Lausanne, Switzerland


How do you train for elite sport when a pandemic has threatened your entire season? Simple, according to rising Canadian Short Track Speed Skating star Courtney Lee Sarault: you team up with the opposite gender, start pouring your energy into racing a three-time Olympic medal-winning compatriot and, if all else fails, strap on hockey skates.

The senior Canadian Short Track Speed Skating squad sounds like a fun place to be. With the impact of COVID-19 having thrown most things into doubt, the skaters have had to adapt, and adapt they have. First up, the genders now mix regularly on the ice.

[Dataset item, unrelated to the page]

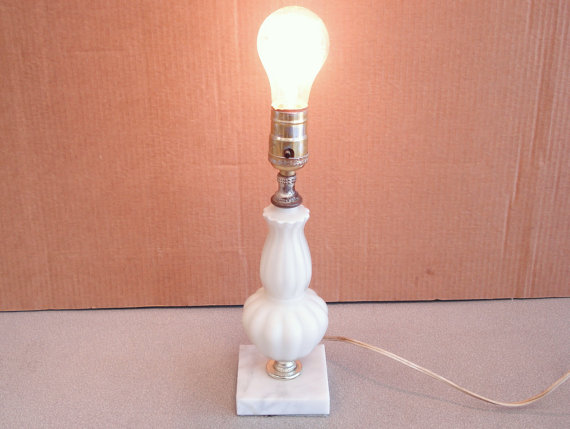 vintage underwriters laboratories portable lamp photo - 10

“The [1500m] girls and boys will go together and the specific 500m people, girls and boys, will go together,” long distance specialist Courtney Lee Sarault explains. “That is kind of nice. We don’t normally have that mix with the boys. It adds a little bit of fun to our training.”

Fun and competitiveness seem like the two key ingredients needed in training right now. With a totemic figurehead leading the Canadian women’s squad, it is clear where Sarault finds her competitive edge.

Kim [Boutin, the PyeongChang 2018 1000m silver and 500m and 1500m bronze medalist] is obviously a really strong Skater so if you do beat Kim it’s a good feeling,” Sarault says, a smile playing round the edges of her face. “It is reassuring that you are strong because she is so strong.

“But I feel like we all have a really fun competition, [we are] competitive between us. All the girls are pretty competitive but friendly. It’s not too bad, no one takes it to heart but it is always fun doing good in the races.”

Boutin, the powerful 25-year-old who topped last season’s 500m ISU World Cup Short Track Speed Skating rankings after five victories, is clearly a fine example to follow but if Sarault continues her current trajectory it will not be long before she is the one being targeted by the next generation.

The 20-year-old is a self-confessed “late bloomer” having “come from nowhere” to make the Canada squad for the 2017 ISU World Junior Short Track Speed Skating Championships. Progress was subsequently meteoric, the Michigan-born racer taking overall silver at the 2018 World Junior Short Track Speed Skating Championships before transplanting her powerful, front-running style on to the ISU World Cup Short Track Speed Skating stage.

Despite grabbing bronze at the senior ISU World Short Track Speed Skating Championships in 2019 in the Ladies’ 3000m Relay, things did not go quite according to plan in 2018/19 but all that is now a distant memory.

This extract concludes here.